If you know Matthew Inn, you wouldn’t believe it.
He’s a healthy 20-year-old who loves to run, skateboard and work out. He even eats organic food.
But this summer, while he was living in Portland with his sister, he had a couple of fainting spells. He went to the doctor who diagnosed him with low blood pressure. Nothing unusual. But he started to feel weaker. He couldn’t run as far or as hard. So his parents, Jan and Clifford, urged him to come home, at least for the summer.
When Matt came home, his parents immediately had him see his pediatrician at Kapiolani Medical Center for Women & Children. She ran a few tests — including blood work — and discovered he had anemia.
And something else.
“She called on a Sunday night and said she had the pathologist go back to the lab and reread the results of the blood test,” Jan said. “That’s not a good thing.”
After even more blood tests and a visit to an oncologist at Straub Clinic & Hospital, Matt was diagnosed with leukemia — two kinds.
He has both acute myeloid leukemia (AML) and acute lymphoblastic leukemia (ALL) — extremely rare. So rare, in fact, no one in Hawaii could treat him. So 17 hours after he received this diagnosis, Matt and his parents were on a plane to Seattle.
“We were shocked,” Jan said this afternoon over the phone. “We thought, ‘How could this be?’ Cat, he was healthy. He’s never been sick. We were just stunned.”
I worked for Jan while I was in graduate school at the University of Hawaii at Manoa. She oversaw the marketing department at Title Guaranty, where I had worked part time, and we were instant friends. She was always so much fun, so peppy, so positive. So to hear her now on the phone, exhausted but hopeful, was really hard.
She has been in Seattle since July and doesn’t know when she’s coming back. She took family leave from her job as a fourth grade teacher at Pearl Harbor Kai Elementary School — that lasts a month — and unpaid leave thereafter. Her husband has to return to his job at a boating education specialist with the state Department of Land and Natural Resources soon.

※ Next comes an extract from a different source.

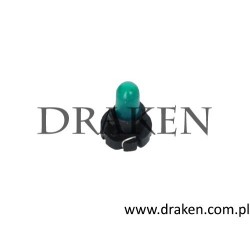 Żarówka przełacznika regulacji reflektorów, podgrzewania i wentylacji foteli 900 NG, 9000 , 9-3, 9-5 1985-2010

They’re spending more than $3,000 a month just on rent in Seattle — and the medical bills are mounting.
This is just the beginning.
This seemingly healthy 20-year-old is now undergoing tiring rounds of chemotherapy, slews of tests and scans, and a roller coaster of emotions. Sometimes he’s fine, laughing with the nurses; other times he’s worn out.
“In these last several weeks, he’s endured so much,” Jan wrote to me in an email last week. “He never complains and has so much inner fortitude. He amazes me.”
Right now, he needs one thing: bone marrow. And there aren’t a lot of matches in the national registry. Turns out, ethnicity matters, and minorities are severely underrepresented in the registry.
Bone marrow is the spongy tissue inside your bones that contain stem cells. The stem cells can develop into red blood cells that carry oxygen through your body, the white blood cells that fight infections and the platelets that help with blood clotting. Leukemia is a cancer in which the bone marrow produces abnormal white blood cells.
Every year 10,000 people need a bone marrow transplant, and only 4 out of 10 will find a match and receive it.
Friends of Matt are holding a bone marrow drive from 1 to 5 p.m. at the Pearl Kai Harbor Elementary School (1 C Avenue, Honolulu). The process is simple: registering only requires donors to swab their cheeks and be ready when they’re called. That’s it.
The more people show up, the better Matt’s chances of finding a match. But it’s not just about him.
“We want to help him, of course, that’s our main goal, but this is a real good way to help others, too,” Jan said.
Learn more about Matt’s story at Caring Bridge. Register — it’s free — and search for “Matthew Inn.”
7 Comments
If you are already registered on “Be The Match”, do they have access to that registry?
Great post to get the word out. I got on the bone marrow registry back in 1996 when little Alana Dung had leukemia. Sending love and prayers to Matt and his family!
Because our ages don’t qualify to be a donor, we’ve added him to our prayer list.
Hello Cat,
I been on the bone marrow registry for around 25 years now and I’m waiting for a match. I’m also a platelet donor at the Blood Bank for 22 years.
Good luck with a difficult situation, hard to imagine the young folks getting such a thing. Very hard.
Hi Cat – There is an organization called the Asian American Donor Program – not sure exactly where else they are located, but they are quite active in California. Registration is simple and to test if you are a match to any donors who need bone marrow, it’s a simple cheek swab test. If they haven’t already done so, this would be an excellent organization to reach out to.
In cases like this, race matters more than ethnicity.
What is Matt’s racial background? My understanding is that the his best chance of a match is with someone else with the same racial background.